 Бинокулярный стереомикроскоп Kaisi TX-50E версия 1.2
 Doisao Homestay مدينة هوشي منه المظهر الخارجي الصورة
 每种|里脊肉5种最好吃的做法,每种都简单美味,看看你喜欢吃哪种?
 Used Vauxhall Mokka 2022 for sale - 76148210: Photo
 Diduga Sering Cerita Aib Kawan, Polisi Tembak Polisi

□ □ □ □

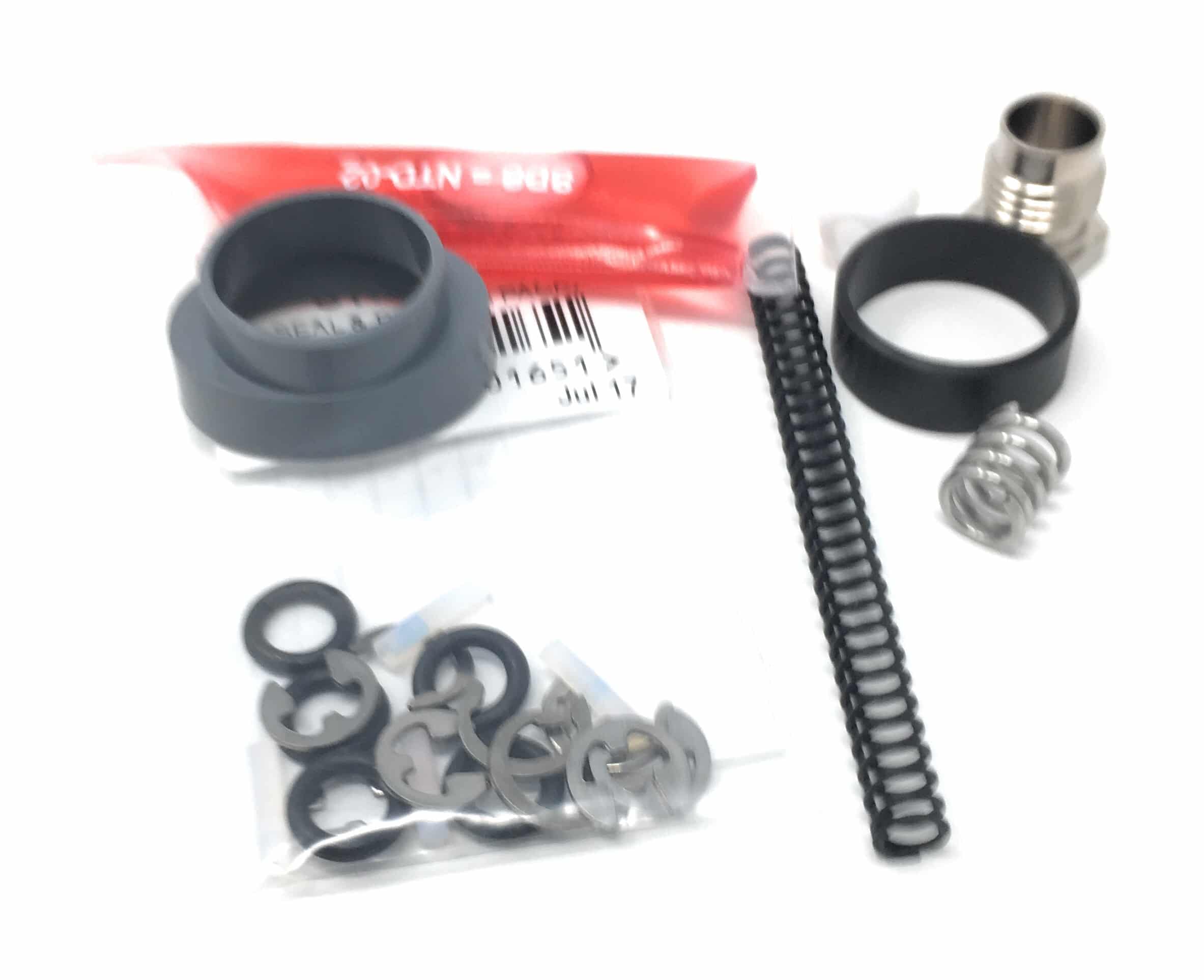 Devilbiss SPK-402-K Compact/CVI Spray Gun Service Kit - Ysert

□ □ □ □

• Work to complete
Look above for the line holding "Бинокулярный стереомикроскоп Kaisi" and the line holding "Diduga Sering Cerita", then output exactly those two lines and every line between them, nothing more.

• Solved problem
 Бинокулярный стереомикроскоп Kaisi TX-50E версия 1.2
 Doisao Homestay مدينة هوشي منه المظهر الخارجي الصورة
 每种|里脊肉5种最好吃的做法,每种都简单美味,看看你喜欢吃哪种?
 Used Vauxhall Mokka 2022 for sale - 76148210: Photo
 Diduga Sering Cerita Aib Kawan, Polisi Tembak Polisi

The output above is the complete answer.